[Work item] In the listing below, print exactly the lines between the line holding "Image of a young" and the line holding "Abby Theuring, The", inclusive, and no more.

[Records for processing]
>>>>
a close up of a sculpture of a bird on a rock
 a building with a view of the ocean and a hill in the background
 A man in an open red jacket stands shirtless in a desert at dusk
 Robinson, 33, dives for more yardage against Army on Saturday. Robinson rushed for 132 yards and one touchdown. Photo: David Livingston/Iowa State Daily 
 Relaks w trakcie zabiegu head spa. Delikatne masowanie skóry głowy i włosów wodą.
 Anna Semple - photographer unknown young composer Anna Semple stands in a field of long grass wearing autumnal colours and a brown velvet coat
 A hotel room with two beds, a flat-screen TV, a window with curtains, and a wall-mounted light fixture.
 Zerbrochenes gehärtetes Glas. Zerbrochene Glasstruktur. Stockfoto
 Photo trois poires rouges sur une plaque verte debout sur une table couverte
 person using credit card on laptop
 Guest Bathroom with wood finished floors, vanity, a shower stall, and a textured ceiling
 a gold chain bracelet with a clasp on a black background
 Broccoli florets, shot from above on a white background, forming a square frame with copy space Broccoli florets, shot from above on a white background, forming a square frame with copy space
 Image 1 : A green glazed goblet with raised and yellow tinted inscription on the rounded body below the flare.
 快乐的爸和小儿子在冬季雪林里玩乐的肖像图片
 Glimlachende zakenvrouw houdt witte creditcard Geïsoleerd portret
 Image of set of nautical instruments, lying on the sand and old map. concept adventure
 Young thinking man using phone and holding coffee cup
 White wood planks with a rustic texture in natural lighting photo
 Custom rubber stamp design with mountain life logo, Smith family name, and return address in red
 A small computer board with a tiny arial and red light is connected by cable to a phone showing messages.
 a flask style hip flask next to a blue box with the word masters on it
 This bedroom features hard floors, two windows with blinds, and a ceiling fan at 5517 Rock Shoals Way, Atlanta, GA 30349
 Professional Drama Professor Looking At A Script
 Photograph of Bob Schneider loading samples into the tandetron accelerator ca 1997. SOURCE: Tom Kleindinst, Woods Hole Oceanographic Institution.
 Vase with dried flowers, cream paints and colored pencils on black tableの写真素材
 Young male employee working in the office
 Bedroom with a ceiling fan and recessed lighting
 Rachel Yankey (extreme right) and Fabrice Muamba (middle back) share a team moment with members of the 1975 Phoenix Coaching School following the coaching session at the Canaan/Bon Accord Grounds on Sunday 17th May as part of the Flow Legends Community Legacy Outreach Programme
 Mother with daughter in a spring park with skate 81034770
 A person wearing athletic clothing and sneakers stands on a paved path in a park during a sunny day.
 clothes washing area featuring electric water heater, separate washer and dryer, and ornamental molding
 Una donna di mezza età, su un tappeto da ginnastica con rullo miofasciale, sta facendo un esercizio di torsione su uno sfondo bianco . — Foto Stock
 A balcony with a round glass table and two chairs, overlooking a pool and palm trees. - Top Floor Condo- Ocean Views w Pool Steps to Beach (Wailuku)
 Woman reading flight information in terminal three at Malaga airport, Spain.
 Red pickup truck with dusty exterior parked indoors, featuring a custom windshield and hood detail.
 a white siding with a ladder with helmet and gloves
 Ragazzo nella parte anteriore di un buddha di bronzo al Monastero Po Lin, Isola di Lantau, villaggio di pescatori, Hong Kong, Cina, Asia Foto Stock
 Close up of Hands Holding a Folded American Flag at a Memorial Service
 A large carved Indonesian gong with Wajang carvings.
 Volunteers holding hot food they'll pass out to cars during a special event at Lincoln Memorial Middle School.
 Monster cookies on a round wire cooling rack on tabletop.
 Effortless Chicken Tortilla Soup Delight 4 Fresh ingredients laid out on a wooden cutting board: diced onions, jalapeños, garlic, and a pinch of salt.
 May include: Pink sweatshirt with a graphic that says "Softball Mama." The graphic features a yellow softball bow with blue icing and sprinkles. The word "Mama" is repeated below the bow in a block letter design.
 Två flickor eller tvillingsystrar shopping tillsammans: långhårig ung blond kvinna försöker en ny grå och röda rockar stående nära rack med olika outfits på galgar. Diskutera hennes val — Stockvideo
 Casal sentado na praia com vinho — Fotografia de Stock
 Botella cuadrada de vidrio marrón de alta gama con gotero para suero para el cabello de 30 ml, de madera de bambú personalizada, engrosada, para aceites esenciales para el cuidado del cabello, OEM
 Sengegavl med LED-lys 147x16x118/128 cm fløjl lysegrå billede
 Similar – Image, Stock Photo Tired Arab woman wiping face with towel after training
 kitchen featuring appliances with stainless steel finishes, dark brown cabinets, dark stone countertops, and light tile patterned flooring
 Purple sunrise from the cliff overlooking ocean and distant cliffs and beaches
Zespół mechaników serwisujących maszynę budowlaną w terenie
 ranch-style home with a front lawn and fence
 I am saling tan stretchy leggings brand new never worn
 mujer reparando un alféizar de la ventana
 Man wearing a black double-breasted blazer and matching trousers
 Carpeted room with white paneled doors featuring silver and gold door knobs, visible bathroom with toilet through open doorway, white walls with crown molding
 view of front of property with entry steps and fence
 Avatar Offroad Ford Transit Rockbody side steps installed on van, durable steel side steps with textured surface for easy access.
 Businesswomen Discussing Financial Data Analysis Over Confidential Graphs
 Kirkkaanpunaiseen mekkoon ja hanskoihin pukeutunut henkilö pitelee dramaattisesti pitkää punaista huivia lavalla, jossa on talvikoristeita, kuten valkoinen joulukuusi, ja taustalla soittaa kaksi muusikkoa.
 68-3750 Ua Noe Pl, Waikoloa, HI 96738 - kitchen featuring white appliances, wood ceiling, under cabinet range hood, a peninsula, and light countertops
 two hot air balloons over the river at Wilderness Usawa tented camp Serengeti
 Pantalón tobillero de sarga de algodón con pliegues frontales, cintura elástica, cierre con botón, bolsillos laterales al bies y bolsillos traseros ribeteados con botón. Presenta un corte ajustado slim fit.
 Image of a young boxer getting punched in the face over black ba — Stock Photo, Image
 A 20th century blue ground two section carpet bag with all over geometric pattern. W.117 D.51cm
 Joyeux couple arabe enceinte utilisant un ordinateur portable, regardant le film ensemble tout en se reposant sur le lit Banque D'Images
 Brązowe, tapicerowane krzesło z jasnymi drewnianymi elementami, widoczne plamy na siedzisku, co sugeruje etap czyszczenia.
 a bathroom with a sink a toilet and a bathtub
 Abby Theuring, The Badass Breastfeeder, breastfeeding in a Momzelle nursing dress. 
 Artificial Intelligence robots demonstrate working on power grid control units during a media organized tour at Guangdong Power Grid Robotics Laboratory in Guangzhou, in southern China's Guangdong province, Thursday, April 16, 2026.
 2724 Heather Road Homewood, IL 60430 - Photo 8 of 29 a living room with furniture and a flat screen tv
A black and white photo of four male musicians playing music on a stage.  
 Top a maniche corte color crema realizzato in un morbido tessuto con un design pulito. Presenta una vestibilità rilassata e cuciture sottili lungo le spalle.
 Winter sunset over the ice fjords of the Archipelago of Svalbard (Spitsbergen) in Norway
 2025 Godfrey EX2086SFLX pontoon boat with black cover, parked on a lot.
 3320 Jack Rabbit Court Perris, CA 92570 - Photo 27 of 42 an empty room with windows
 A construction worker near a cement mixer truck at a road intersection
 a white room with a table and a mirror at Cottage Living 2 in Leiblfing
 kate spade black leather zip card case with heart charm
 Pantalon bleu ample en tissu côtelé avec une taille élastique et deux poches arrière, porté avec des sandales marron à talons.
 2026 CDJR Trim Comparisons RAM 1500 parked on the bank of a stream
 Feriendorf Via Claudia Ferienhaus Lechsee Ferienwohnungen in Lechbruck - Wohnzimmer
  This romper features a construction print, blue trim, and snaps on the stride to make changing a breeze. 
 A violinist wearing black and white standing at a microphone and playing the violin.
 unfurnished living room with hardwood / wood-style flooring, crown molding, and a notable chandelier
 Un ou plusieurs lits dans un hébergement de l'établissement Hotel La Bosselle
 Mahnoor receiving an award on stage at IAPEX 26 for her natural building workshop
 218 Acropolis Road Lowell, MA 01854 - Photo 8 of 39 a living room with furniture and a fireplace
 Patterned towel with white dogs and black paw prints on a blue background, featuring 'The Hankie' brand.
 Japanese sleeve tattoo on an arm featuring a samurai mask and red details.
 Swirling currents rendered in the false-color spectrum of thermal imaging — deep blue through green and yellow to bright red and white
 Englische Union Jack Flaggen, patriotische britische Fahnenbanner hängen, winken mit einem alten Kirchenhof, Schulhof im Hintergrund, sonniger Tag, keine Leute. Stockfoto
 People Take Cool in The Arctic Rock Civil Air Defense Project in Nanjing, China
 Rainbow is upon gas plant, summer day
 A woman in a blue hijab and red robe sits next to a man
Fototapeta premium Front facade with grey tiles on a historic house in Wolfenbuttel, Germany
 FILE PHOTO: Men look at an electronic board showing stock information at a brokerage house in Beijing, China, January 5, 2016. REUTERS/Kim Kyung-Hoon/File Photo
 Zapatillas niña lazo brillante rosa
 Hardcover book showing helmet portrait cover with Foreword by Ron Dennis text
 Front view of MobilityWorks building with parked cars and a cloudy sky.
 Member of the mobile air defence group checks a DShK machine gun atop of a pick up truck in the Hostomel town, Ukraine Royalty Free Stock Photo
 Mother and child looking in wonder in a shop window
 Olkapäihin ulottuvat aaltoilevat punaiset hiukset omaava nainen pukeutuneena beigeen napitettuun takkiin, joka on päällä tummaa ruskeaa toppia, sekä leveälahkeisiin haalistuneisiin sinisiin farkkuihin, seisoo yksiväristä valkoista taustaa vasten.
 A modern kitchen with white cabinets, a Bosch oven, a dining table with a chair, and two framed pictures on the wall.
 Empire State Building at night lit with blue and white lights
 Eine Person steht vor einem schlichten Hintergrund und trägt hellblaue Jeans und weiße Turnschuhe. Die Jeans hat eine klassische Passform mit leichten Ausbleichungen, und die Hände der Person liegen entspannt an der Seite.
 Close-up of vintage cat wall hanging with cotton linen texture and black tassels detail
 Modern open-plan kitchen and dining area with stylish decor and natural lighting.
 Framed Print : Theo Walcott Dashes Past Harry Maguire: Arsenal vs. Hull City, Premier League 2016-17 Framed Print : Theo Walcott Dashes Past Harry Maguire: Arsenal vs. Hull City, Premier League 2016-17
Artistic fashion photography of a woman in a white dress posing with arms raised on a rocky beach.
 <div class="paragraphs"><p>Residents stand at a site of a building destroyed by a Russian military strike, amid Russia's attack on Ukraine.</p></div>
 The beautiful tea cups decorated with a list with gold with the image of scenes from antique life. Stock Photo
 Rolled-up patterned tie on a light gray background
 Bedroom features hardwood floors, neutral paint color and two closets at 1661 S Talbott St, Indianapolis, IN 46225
<<<<
[Answer box]
 Image of a young boxer getting punched in the face over black ba — Stock Photo, Image
 A 20th century blue ground two section carpet bag with all over geometric pattern. W.117 D.51cm
 Joyeux couple arabe enceinte utilisant un ordinateur portable, regardant le film ensemble tout en se reposant sur le lit Banque D'Images
 Brązowe, tapicerowane krzesło z jasnymi drewnianymi elementami, widoczne plamy na siedzisku, co sugeruje etap czyszczenia.
 a bathroom with a sink a toilet and a bathtub
 Abby Theuring, The Badass Breastfeeder, breastfeeding in a Momzelle nursing dress. 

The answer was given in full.